British film producer

Geoff Arbourne is a British film producer and founder of Inside Out Films, an independent company that specialises in film production and television production.

His films have been shown in film festivals worldwide, broadcast on the BBC (Storyville (TV series), Independent Lens and Canal+ and available on demand on iTunes, Amazon Prime and Netflix. His awards include; a News & Documentary Emmy Award in 2018 for Outstanding Politics and Government Documentary, and Tromsø International Faith in Film Award.

In 2015, he produced one of the first short documentaries, Beitar Jerusalem, for The Guardian online platform. It attracted over a million views within the first 24 hours. He then went on to produce the Emmy Award-winning feature documentary Forever Pure, supported by the Tribeca Institute and Sundance Institute. Forever Pure had its international premiere at Toronto Film Festival in 2016, played over 100 festivals, winning numerous awards, and was broadcast or on demand on BBC Storyville, iTunes and Netflix. Releasing the film caused a significant backlash from many of the Beitar fans, putting the director Maya Zinshtein's life at risk.

In 2024, Arbourne produced To a Land Unknown, a feature film directed by Mahdi Fleifel. The film follows two Palestinian cousins stranded in Athens as they attempt to reach northern Europe.

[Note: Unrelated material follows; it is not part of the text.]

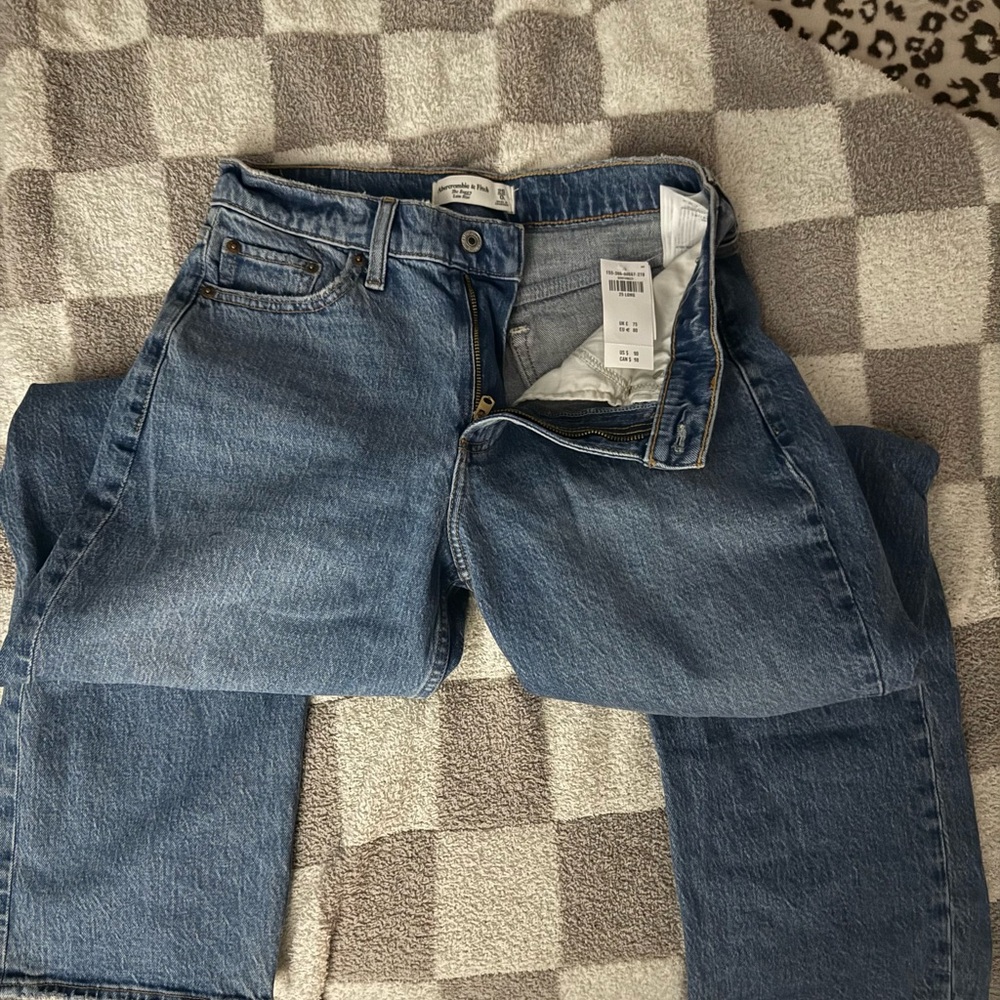 Abercrombie & Fitch Blue Women Jeans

A UK–French–German–Greek–Qatari–Dutch–Palestinian co-production, To a Land Unknown premiered in the Directors' Fortnight section at the 77th Cannes Film Festival, where it was the only Palestinian feature film selected that year. The film was widely praised for its powerful portrayal of exile and resilience, and went on to screen at more than 120 international festivals, winning multiple awards, including Best Feature at the Festival international du film indépendant de Bordeaux.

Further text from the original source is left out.